This disclosure provides apparatuses, systems, and methods for improved drilling efficiency by evaluating and determining an oscillation regime target, such as an oscillating revolution target, for a drilling assembly to reduce wellbore friction on a tubular string (e.g., often referred to herein as a drill string) while not disrupting a bit alignment during a slide drilling process. The apparatuses, systems, and methods allow a user (alternatively referred to herein as an “operator”) or a control system to determine a suitable number of revolutions (alternatively referred to herein as rotations or wraps) to oscillate a tubular string in a manner that improves the drilling operation. The term drill string is generally meant to include any tubular string. This improvement may manifest itself, for example, by increasing the slide drilling speed, slide penetration rate, the usable lifetime of components, and/or other improvements. In one aspect, the system sets the oscillation regime target, such as the target number of revolutions used in slide drilling, based on parameters detected during rotary drilling. These parameters may include, for example, vibration/motion, toolface orientation, and other parameters.
The disclosure provides a technique that can be performed using a drilling rig and a BHA where the mud pumps are stopped and later turned back on, such as would normally happen during the connection of an additional tubular or stand of drill pipe.
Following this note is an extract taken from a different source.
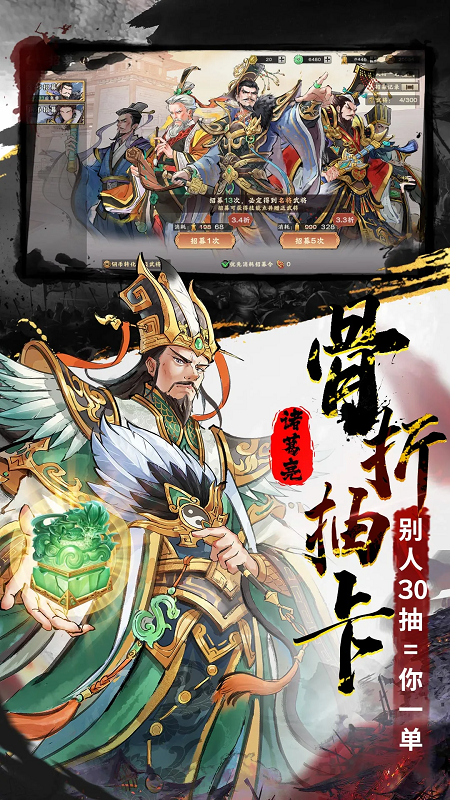 三国将魂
The term drill pipe is exemplary and could refer to any type of tubular herein. The disclosed methods allow for the quantitative measurement of how many actual oscillation revolutions of the drill pipe are required before the toolface of the BHA is changed.
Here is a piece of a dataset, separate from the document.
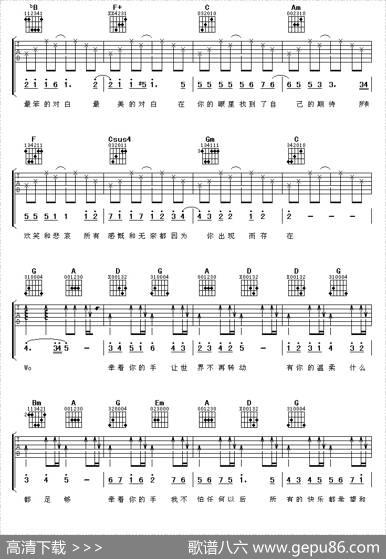 幸福的理由 - 林海沈洁|吴品醇作曲、阿潘音乐工场编配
One of ordinary skill in the art understands that the number of oscillation revolutions should be kept low to maintain the desired position of the toolface, but the number of oscillation revolutions should be high enough to break the friction along the length of the drill string. Thus, finding the “correct” or optimum number of oscillation revolutions is important for an effective drilling process. Advantageously, the methods provide for the direct measurement of how much oscillation can be provided before changing the toolface of the BHA to obtain the most benefit from the pipe oscillation during slide drilling. In contrast to conventional oscillation methods, the methods described herein experimentally measure the number of oscillation revolutions that are applied to a drill string before affecting the direction of the BHA, instead of relying on models. Thus, instead of “guessing” what the oscillation regime target should be, the methods described herein actually determine a preferred oscillation regime target.
In one aspect, this disclosure is directed to apparatuses, systems, and methods that optimize an oscillation regime target, such as the number of revolutions of the tubular string, e.g., at the surface of the borehole, to provide more effective drilling. Drilling may be most effective when the drilling system oscillates the tubular string sufficiently to rotate the string even very deep within the borehole, while permitting the drilling bit to rotate only under the power of the motor. For example, a revolution setting that rotates only the upper half of the string will be less effective at reducing drag than a revolution setting that rotates nearly the entire string. Therefore, an optimal revolution setting may be one that rotates substantially the entire string without upsetting or rotating the BHA. Further, since excessive oscillating revolutions during a slide might rotate BHA and undesirably change the drilling direction, the optimal angular setting would not adversely affect the direction of drilling.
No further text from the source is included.